*Exercise aim:*
Write out again, word for word, the lines below from the line that holds "イラスト依頼お受けします 駆け出しです！経験は浅いですが一生懸命頑張ります！" through the line that holds "雅诗兰黛智妍胶原霜 乳霜款/滋润款 面霜75ml", omitting pictures.

*Material supplied:*
________________________

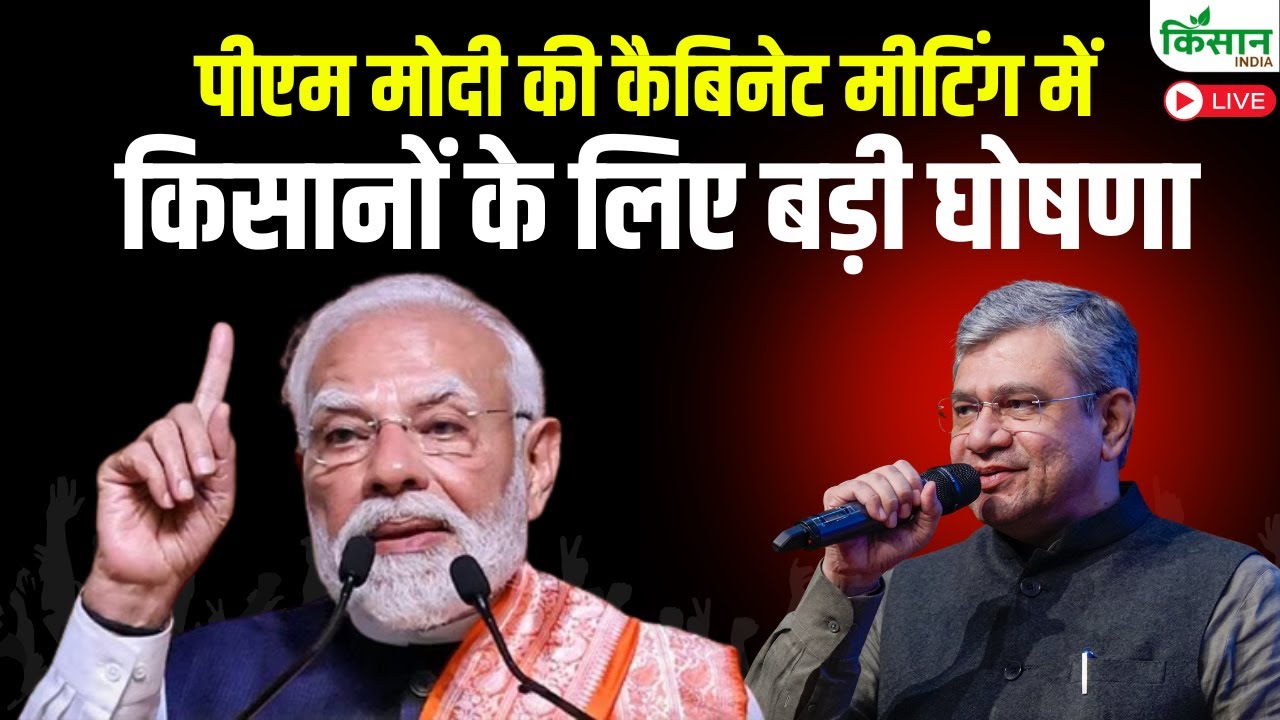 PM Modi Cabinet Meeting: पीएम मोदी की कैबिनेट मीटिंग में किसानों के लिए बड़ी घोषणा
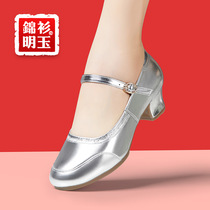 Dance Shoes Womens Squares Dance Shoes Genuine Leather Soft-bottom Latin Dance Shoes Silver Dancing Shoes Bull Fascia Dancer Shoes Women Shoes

________________________

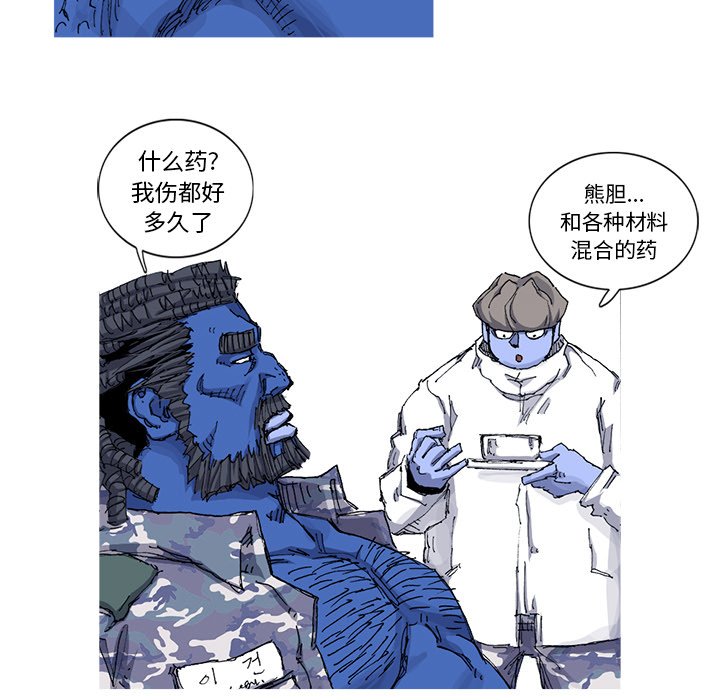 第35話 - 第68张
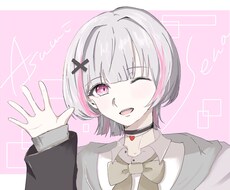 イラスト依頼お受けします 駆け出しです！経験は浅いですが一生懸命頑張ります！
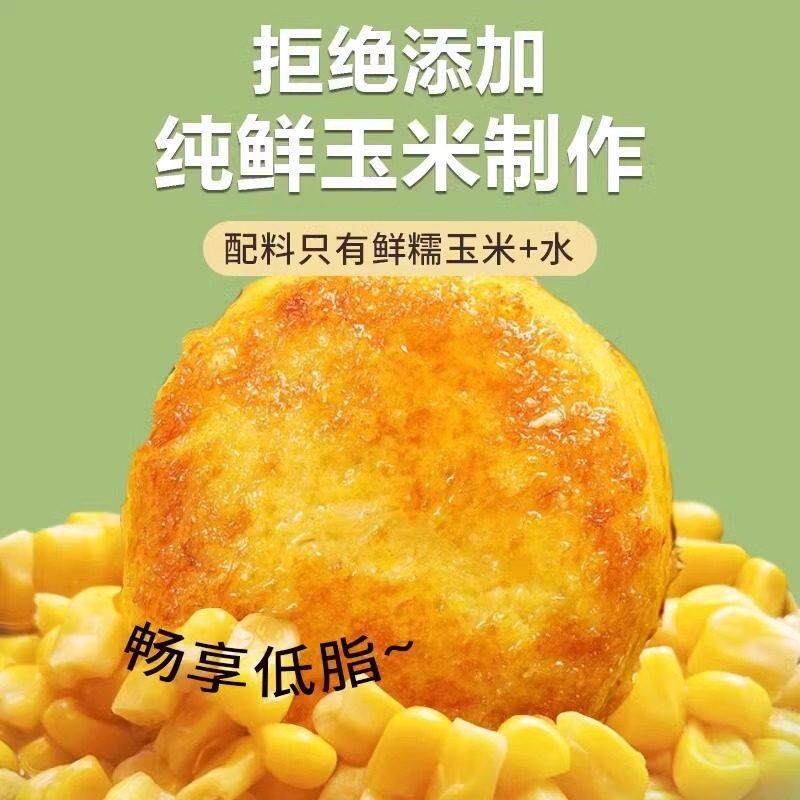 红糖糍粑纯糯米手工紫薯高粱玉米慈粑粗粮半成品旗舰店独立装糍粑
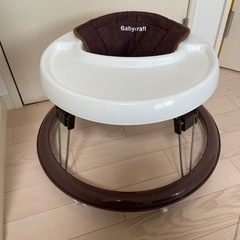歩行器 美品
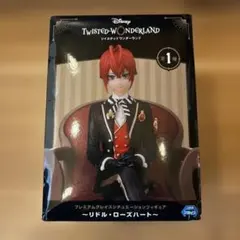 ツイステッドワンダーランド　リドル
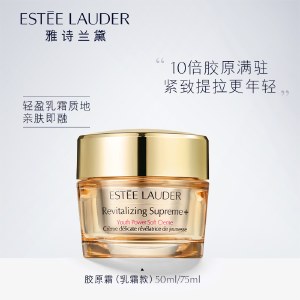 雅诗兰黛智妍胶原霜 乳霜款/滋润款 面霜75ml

________________________

*Answer box:*
 イラスト依頼お受けします 駆け出しです！経験は浅いですが一生懸命頑張ります！
 红糖糍粑纯糯米手工紫薯高粱玉米慈粑粗粮半成品旗舰店独立装糍粑
歩行器 美品
 ツイステッドワンダーランド　リドル
 雅诗兰黛智妍胶原霜 乳霜款/滋润款 面霜75ml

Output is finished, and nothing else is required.